Saturday, January 6, 2018

Cerita Bayan di Artcoffeelago


Malam minggu sekitar jam 22.30, tanggal 06 Januari 2018 duduk bareng bersama Tjatur Kukuh (Santiri Foundation), Gendewa Tunas Rancak (Santiri Foundation & Dosen Nahdatul Ulama), Ahyar Supriadi (Somasi NTB), Yuga Anggana (Kepala Prodi Sendratasik UNU), Kejun dan Bli Agus (Dosen Sendratasik UNU) serta Pak Dwi. Mereka adalah orang-orang keren dan hebad bagi saya, berdiskusi sampai jam 01.30 mebicarakan Bayan tentang bagaiman Sekolah Adatnya dijalankan kedepan.

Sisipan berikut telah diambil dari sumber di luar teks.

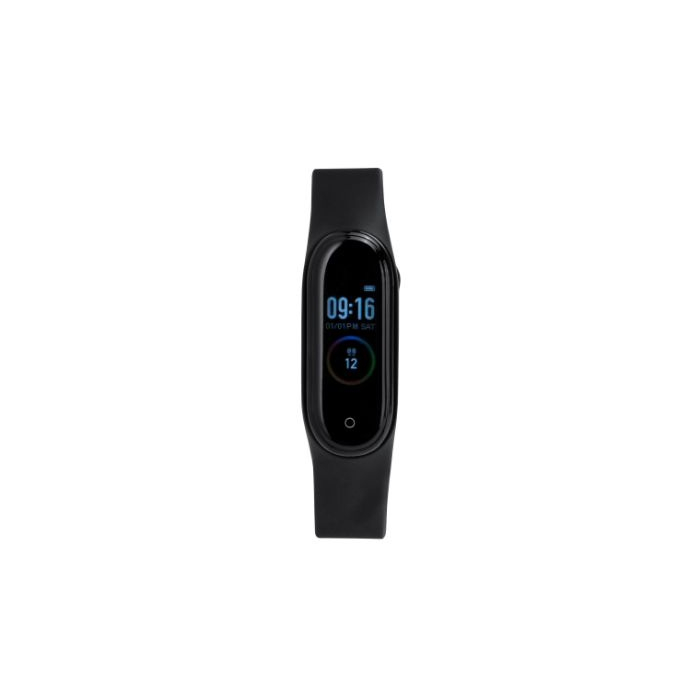 DRACO - Smartwatch minitorujący aktywność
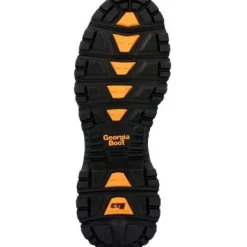 Georgia Men's TBD 6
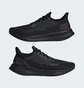 Кросівки чоловічі Adidas Pureboost 5 Running Shoes Black ID1158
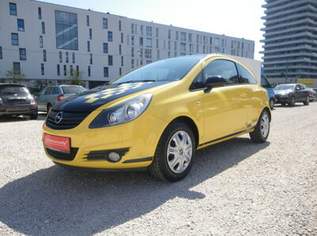 Corsa Color 1,4 Benzin 3türig, 3990 €, Auto & Fahrrad-Autos in 4020 Bulgariplatz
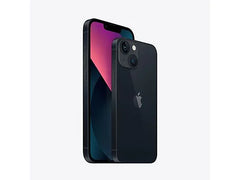 Apple iPhone 13 128GB Medianoche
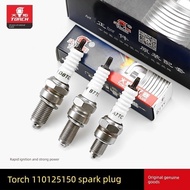 Torch B7TC Curved Beam Scooter Motorcycle Spark Plug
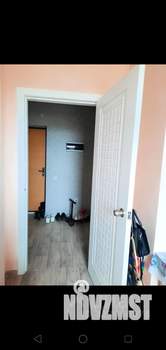 1-к квартира, на длительный срок, 33м2, 7/10 этаж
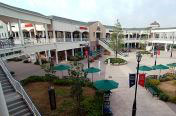 Rinku Premium Outlets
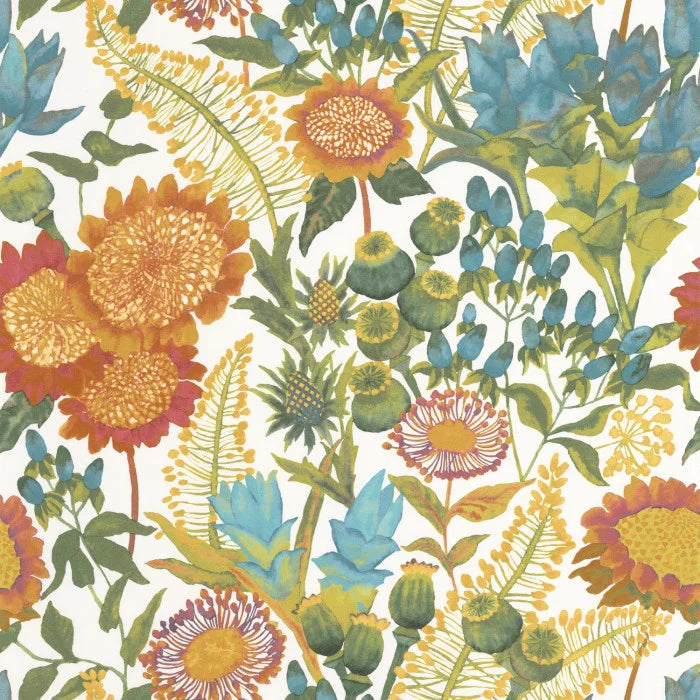 SAINT-PAUL DE VENCE Wallpaper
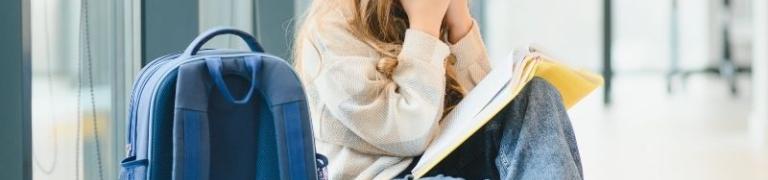 5 Tips voor kinderen die niet lekker in hun vel zitten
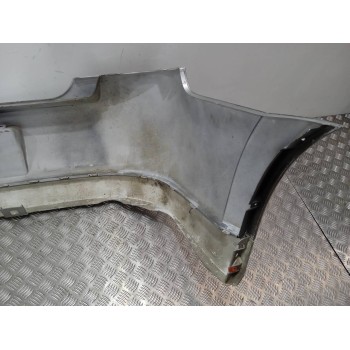 Recambio de paragolpes trasero para opel vectra c berlina referencia OEM IAM 1384314  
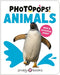 Photopops Animals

Sekolah Adat Bayan yang akan dikembangkan di Masyarakat Adat Bayan merupakan sekolah Non Formal yang membuat meja Artcoffeelago hangat dengan segala ide dan pemikiran orang-orang lulusan pendidikan formal. Bagaimana peran sekolah formal dalam pengembangan ilmu pengetahuan yang berpengaruh terhadap nilai dan juga existensi Masyarakat Adat Bayan. Ya ya ya………………itu mungkin bisa jadi bahan kita merenung, tentunya dengan refrensi lain juga dari pengalaman yang ada didiri kita dan lingkungan yang ada.

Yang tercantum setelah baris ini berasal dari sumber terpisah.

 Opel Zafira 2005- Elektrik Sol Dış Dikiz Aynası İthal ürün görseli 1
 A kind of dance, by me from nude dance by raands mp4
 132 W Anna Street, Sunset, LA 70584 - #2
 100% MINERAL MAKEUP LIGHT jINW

Membicarakan tentang Masyarakat Adat Bayan dalam transfer ilmu pengetahuan kepada generasi muda memang bukan sesuatu yang mudah, tetapi tidak mustahil. Pendapat dari setiap orang di salah satu café punyanya Gendewa Tunas Rancak dalam diskusi kecil dimalam minggu memberikan gambaran yang begitu banyak, bagaimana sebenarnya para orang tua Bayan dalam menyampaikan pesan kepada generasi, apa saja yang bisa dipelajarai oleh semua pihak, batasan mana tentang pengetahuan local yang memang harus dibedakan berdasarkan usia dan juga tingkat pengetahuan, strategi megajak ajak muda untuk mau belajar tentang diri, bagaimana para peneliti luar tentang menyimpulkan masyarakat Bayan, bahkan kata Bayan sebagai Pusat Pembelajaran Dunia tentang Adat yang mempu menyelamatkan alam, memiliki nilai social yang tinggi, sampai pada bagaimana cara berhubungan atau meyakini tentang ketuhanan.

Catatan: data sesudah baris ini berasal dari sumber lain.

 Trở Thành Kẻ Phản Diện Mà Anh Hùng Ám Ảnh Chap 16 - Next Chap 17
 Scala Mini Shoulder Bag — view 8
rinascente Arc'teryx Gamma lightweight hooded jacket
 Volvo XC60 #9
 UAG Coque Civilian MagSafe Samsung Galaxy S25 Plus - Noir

3 jam berdiskusi dengan saran dan pendapat yang bervariasi untuk exsistensi ilmu local yang ada di Bayan tidak cukup, sampai pada akhirnya menjadi PR untuk semua tentang setiap pembicaraan dalam diskusi. Poin dari semua itu adalah, generasi yang ada di Bayan harus belajar dari orang tua.

Kesendirian saya yang berbicara tentang Bayan diantara orang-orang yang bukan Masyarakat Bayan merasa sangat special. Mereka yang bukan Masyarakat Bayan mau berfikir keras untuk menjaga dan tetap melestarikan Adat Bayan, bagaimana dengan kita sebagai generasi Bayan ………………….? Sudahkan kita bertanya ke orang tua…………? Sudahkah kita belajar tentang seni-seni yang ada di Bayan………………? Tentu jawabannya tidak di mereka, tetapi generasi Bayan senidiri yang mampu menjawabnya.

Saya sering mendengar tentang ungkapan orang tua kita di Bayan yang menyatakan “Bayan Pusat Dunia/Pusat Gumi”.  Ungkapan itupun keluar dari dalam diskusi itu, tetapi bukan dari diri saya sebagai Masyarakat Bayan. Itu artinya bahwa, orang luar sudah mengakui Bayan adalah pusat pembelajaran dunia. Apakah yang disampaikan orang tua kita di Bayan dan juga orang luar terhadap ungkapan tersebut sudah kita pahami sebagai Masyarakat Adat Bayan……………?

Dalam cerita saya ini, tentu tidak kepastian tentang hasil diskusi malam minggu di Arcoffeelago yang ada di Mataram, tetapi bagaimana kita menjawab semua itu di Sekolah Adat Bayan (Sekolah Budaya). Belajar tentang ilmu lain atau ilmu luar itu sangat penting, tetapi mempelajari jati diri dengan segala kearifan lokalnya itu jauh lebih penting, karena kita butuh ilmu local untuk berinteraksi dengan lingkungan sendiri.